Kenyamanan di Pameran, Ajak Keluarga Anda Untuk Mencari Hunian Idaman
Ilustrasi. (Foto: dok.inapex)

 

BOGOR, INAPEX.co.id – Pengembang ini telah menyiapkan rumah murah untuk kalangan guru dengan cicilan mulai Rp. 1 jutaan.

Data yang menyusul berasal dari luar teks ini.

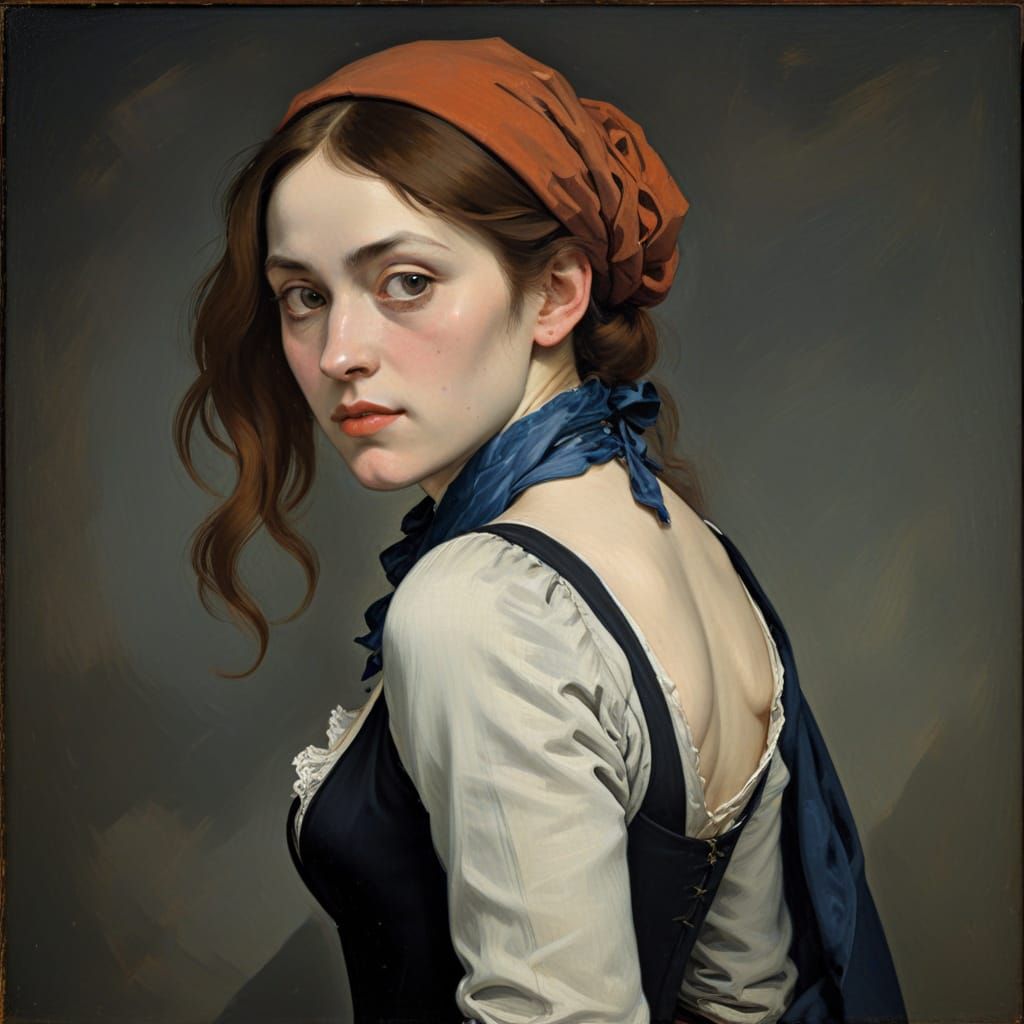 Goya Bosch Cezanne Holbein: A Digital Art Fusion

Impian bisa memiliki rumah sendiri bagi pahlawan tanpa tanda jasa tersebut diberikan bersama momentum Hari Pendidikan Nasional.

Pengembangnya yaitu, Perusahan Properti PT. Elang Peradaban Mulia melalui program ‘Bulan Bakti Untuk Guru’ perusahaan menyediakan hunian dengan harga khusus untuk para guru se Bogor Raya.

Selain itu, program Bulan Bakti Untuk Guru merupakan kelanjutan atas permintaan berbagai pihak yang sangat berharap keberadaan perusahaan di Bogor bisa memberikan kontribusi untuk masyarakat kelas menengah bawah.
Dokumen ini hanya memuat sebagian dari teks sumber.